Aristotle's Solution

According to the principle of bivalence, something concerning reality is either true or false (A is B, or A is not B). Logic is thus based on disjunctive syllogism. This poses a problem when logic is applied to future possibilities instead of present reality. Diodorus' famous propositions are: "Will there be a sea battle tomorrow?" and/or "Will there not be a sea battle tomorrow?" Are future events determined or not? Logical necessity seems to be defeated by real necessity.

It can be said that the proposition is neither true nor false: some possible futures make it true and others false; this may be called "indeterminacy intuition". It could also be said that the truth-value of the proposition will be only given in the future, that is, when the future unfolds. Thus, the truth value is always will be given but never given in the present.

Aristotle solved the problem by asserting that the principle of bivalence found its exception in this paradox of the sea battles: in this specific case, what is impossible is that both alternatives can be possible at the same time: either there will be a battle, or there won't. Both options can't be simultaneously taken. Today, they are neither true nor false; but if one is true, then the other becomes false. According to Aristotle, it is impossible to say today if the proposition is correct: we must wait for the contingent realization (or not) of the battle, logic realizes itself afterwards:

One of the two propositions in such instances must be true and the other false, but we cannot say determinately that this or that is false, but must leave the alternative undecided. One may indeed be more likely to be true than the other, but it cannot be either actually true or actually false. It is therefore plain that it is not necessary that of an affirmation and a denial, one should be true and the other false. For in the case of that which exists potentially, but not actually, the rule which applies to that which exists actually does not hold good. (§9)

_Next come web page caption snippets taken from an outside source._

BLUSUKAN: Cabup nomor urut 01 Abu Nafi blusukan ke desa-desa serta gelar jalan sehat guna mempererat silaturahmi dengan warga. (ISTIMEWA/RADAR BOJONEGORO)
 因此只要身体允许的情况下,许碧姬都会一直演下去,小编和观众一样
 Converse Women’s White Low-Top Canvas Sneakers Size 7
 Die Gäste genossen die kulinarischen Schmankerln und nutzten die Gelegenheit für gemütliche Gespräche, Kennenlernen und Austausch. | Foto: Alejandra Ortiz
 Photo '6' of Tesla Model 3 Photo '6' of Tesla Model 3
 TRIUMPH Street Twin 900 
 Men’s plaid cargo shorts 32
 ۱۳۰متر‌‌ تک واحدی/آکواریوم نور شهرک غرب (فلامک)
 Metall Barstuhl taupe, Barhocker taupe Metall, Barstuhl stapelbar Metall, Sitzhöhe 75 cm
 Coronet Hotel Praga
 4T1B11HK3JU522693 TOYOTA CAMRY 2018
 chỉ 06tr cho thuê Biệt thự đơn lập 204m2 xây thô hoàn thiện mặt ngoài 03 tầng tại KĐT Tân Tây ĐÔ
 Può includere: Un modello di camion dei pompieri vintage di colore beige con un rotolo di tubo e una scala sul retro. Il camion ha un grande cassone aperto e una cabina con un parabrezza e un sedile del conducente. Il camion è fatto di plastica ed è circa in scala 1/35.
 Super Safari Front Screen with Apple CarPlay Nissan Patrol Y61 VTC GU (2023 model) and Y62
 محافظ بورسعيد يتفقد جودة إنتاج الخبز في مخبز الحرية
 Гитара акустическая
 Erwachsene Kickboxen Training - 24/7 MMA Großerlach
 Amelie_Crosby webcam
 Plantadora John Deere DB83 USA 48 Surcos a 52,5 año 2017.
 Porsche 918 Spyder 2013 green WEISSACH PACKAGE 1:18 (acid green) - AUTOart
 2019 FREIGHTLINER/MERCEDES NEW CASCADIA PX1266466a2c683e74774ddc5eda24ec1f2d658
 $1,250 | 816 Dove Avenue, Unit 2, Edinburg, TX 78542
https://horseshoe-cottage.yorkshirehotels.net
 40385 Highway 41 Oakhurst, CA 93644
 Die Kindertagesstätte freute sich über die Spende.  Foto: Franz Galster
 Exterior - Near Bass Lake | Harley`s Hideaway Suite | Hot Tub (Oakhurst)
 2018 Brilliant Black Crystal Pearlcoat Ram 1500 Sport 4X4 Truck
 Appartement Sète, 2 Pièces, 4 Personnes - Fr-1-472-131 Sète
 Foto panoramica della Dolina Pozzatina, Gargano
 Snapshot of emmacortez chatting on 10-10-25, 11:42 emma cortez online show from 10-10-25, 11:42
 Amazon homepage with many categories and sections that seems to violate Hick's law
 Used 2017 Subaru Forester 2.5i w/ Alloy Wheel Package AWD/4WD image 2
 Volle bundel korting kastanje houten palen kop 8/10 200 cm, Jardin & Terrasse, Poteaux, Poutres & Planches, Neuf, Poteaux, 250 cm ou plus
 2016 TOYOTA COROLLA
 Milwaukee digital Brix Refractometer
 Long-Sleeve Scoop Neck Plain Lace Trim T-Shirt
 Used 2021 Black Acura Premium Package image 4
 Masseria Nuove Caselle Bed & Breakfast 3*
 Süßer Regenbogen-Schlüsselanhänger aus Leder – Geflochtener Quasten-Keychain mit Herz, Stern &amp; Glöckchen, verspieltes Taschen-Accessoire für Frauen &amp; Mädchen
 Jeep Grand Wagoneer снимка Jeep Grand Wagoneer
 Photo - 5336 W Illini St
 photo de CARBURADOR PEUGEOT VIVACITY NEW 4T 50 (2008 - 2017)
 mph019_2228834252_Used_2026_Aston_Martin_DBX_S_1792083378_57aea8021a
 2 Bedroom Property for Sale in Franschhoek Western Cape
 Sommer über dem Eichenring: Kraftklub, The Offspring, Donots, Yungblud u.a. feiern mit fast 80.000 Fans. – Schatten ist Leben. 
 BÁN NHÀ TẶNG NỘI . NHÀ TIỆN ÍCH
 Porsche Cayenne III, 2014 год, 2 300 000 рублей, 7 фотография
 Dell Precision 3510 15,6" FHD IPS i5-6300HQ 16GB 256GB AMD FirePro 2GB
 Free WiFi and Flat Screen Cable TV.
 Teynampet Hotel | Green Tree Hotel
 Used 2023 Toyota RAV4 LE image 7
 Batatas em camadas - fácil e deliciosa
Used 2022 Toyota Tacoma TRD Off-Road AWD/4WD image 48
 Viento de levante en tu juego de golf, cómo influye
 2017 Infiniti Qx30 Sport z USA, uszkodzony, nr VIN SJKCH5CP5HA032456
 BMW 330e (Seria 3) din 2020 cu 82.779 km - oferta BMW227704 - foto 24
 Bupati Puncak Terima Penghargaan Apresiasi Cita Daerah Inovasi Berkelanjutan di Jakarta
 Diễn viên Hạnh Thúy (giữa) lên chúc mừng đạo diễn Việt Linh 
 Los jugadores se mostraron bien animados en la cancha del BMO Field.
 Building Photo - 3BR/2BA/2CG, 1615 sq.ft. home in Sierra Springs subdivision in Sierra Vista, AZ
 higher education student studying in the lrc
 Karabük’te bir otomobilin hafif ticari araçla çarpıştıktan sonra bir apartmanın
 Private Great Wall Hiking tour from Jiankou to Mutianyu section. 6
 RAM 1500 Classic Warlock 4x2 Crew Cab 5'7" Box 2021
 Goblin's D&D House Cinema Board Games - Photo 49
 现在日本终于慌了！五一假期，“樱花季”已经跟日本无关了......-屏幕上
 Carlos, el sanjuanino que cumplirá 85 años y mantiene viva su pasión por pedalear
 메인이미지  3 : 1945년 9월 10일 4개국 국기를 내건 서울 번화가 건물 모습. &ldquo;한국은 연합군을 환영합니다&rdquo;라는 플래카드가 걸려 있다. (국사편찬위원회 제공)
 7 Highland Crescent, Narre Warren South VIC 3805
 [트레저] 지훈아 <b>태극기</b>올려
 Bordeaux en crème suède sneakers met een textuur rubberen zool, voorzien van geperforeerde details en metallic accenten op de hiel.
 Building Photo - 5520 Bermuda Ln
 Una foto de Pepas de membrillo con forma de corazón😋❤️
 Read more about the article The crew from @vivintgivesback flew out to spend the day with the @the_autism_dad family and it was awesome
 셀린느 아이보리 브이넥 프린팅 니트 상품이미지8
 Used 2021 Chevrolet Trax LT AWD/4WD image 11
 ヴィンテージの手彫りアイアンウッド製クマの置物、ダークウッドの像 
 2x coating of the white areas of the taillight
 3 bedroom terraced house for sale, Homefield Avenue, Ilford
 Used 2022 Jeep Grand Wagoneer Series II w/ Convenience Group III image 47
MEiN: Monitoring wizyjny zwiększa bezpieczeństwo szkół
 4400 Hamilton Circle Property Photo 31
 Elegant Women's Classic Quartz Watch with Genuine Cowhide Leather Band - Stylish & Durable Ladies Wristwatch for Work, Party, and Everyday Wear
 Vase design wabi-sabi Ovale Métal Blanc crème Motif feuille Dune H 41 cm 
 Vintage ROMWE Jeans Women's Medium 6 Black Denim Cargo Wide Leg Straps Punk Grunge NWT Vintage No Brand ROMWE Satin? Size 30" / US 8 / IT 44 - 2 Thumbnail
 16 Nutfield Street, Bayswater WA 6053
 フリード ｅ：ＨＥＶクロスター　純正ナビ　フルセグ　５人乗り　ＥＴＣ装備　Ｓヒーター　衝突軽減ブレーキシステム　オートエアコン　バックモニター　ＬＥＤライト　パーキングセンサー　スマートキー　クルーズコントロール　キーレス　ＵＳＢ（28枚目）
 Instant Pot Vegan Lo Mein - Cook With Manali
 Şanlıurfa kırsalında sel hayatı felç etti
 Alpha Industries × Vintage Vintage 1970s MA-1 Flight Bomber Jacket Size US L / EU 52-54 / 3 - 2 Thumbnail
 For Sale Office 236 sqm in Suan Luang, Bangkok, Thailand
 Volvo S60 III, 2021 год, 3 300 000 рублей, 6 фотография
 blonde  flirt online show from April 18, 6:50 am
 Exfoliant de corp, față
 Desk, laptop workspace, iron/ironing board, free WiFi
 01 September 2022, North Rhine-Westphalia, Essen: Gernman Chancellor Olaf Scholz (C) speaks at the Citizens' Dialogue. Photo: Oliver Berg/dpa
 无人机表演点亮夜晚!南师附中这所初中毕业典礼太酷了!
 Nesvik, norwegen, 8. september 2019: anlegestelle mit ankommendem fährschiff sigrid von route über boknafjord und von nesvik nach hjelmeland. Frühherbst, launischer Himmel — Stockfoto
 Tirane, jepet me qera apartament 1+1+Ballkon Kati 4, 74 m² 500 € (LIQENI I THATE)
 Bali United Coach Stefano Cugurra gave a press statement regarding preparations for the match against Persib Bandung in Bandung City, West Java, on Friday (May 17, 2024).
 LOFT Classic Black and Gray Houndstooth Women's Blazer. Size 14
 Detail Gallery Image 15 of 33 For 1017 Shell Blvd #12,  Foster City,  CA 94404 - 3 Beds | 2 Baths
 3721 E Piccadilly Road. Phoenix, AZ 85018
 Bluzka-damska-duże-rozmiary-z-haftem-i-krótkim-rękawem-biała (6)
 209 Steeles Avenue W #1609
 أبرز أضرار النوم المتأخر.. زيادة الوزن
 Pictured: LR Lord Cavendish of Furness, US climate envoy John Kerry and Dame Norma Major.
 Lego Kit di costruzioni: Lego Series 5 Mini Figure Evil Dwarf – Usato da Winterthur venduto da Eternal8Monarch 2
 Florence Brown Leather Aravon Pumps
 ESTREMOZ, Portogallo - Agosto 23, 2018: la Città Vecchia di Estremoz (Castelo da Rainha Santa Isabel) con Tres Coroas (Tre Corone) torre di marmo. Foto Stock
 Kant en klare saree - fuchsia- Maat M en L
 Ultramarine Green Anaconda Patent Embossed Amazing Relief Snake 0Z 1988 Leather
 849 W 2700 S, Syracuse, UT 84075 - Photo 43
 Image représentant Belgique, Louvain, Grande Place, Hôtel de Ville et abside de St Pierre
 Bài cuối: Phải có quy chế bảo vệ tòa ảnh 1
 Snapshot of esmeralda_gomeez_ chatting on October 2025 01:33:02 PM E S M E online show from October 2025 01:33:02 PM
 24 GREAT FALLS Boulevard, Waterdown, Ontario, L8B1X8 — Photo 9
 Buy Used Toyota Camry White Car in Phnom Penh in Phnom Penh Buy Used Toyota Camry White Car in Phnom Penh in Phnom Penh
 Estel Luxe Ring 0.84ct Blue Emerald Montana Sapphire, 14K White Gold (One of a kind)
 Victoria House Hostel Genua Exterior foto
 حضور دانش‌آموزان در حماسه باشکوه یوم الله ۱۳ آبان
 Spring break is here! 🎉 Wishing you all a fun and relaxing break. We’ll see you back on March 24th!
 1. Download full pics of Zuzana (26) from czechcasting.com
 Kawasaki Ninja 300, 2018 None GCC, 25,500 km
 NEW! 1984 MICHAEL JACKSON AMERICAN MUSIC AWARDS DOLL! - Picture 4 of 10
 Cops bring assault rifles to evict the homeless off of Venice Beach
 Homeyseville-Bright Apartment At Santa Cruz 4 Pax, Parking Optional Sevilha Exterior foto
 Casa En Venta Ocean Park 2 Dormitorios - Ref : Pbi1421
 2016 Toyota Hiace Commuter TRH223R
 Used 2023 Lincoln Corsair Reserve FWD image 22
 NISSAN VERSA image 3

Diodorus concluded that the future battle was either impossible or necessary, meaning that the chain of causal events which would determine tomorrow’s action was already in place today. Aristotle added a third term, contingency, which preserves logic while at the same time leaving room for indetermination in reality. What is necessary is not that there will or that there won't be a battle tomorrow, but the alternative itself is necessary:

A sea-fight must either take place to-morrow or not, but it is not necessary that it should take place to-morrow, neither is it necessary that it should not take place, yet it is necessary that it either should or should not take place to-morrow." De Interpretatione' 9, 19 a 30.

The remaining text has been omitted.